Attractions in Santorini Greece
The island of Santorini (Thíra) is most impressive when approached from the sea as you sail into the massive caldera (sea-filled volcanic crater), almost totally enclosed by sheer cliffs ranging in height between 200 and 400 meters. Along the gray-black lava cliff tops, the whitewashed settlements of Firá and Oia are the island's most alluring (and most expensive) destinations. In fact, Santorini lives almost entirely from tourism, attracting visitors with its extraordinary landscape and its ancient archaeological sites. It is generally marketed as a romantic destination - popular with honeymooners, couples, and celebrities. Cruise ships sailing the East Mediterranean make a one-day port of call here.

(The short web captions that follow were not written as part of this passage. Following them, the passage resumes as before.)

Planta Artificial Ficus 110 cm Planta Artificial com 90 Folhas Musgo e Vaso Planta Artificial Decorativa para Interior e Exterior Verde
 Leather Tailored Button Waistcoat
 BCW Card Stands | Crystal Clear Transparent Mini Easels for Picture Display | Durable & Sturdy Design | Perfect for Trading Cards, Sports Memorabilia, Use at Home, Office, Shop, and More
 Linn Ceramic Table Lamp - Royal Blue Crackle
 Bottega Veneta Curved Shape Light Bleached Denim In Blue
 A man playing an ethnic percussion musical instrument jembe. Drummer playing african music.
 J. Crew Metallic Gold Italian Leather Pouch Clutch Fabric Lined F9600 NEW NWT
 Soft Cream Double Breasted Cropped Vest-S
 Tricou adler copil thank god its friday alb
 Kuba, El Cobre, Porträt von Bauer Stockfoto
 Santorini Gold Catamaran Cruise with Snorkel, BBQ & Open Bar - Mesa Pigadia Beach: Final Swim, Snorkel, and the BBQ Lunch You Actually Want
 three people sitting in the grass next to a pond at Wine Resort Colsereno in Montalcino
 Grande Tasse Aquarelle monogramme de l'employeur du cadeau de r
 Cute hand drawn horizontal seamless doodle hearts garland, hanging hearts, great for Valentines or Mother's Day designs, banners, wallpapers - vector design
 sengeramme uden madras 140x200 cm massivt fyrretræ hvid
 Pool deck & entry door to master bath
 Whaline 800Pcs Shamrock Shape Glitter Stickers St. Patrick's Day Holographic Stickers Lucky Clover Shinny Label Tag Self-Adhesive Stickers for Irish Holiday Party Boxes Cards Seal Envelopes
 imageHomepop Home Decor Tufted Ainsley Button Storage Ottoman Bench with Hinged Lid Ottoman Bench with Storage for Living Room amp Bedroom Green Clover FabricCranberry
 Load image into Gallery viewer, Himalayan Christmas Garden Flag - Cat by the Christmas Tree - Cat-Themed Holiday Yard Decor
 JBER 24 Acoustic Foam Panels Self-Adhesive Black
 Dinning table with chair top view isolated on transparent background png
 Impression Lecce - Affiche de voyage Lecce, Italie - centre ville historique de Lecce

The capital of Santorini, Firá (Thíra) is made up of whitewashed cubic houses and terraces, winding lanes, little squares, and blue-domed churches perched on the cliffs 300 meters above the caldera. Below town, from the small port of Skala, Firá can be reached either by walking or riding (mules are for hire) up the steep and winding stepped path (587 steps) or by taking the cable-car. Ferries dock at the port of Athiniós, connected to Firá by road (17 kilometers), while cruise ships put down anchor in the caldera, and passengers are transported to Skala by tender. Firá lives principally from tourism, and many of its buildings are now given over to small hotels, apartments, restaurants, cafés, souvenir shops, and jewelers.
Thira (Fira) Map
On the northern tip of Santorini, 12 kilometers up the coast from Firá, Ía (Oia) is a picture-perfect village of whitewashed houses, several of which have been converted into chic little boutique hotels with infinity pools, overlooking the caldera. Like Firá, it lives from tourism, but caters for a more upmarket clientele. Steep paths zigzag up to town from Ammoúdi Bay, where you'll find a row of waterside seafood eateries. Oia is especially known for its stunning sunsets, which attract visitors from all over the island each evening through summer. It's possible to walk all the way from Oia to Fira following a footpath along the cliffs high above the caldera (allow three hours).
Formed by the massive volcanic explosion that blew the center out of the island some 3, 600 years ago, the caldera is the sea-filled volcanic crater that remained. Measuring 12 kilometers by seven kilometers, it is still home to volcanic activity - in its center rise the two Kaiméni islets with hot springs and gas emissions. Various agencies offer one-day excursions of the caldera by boat, including time to bathe in the hot springs and then have lunch on Thirassia, a tiny island on the west side of the caldera affording amazing views back to Santorini across the water.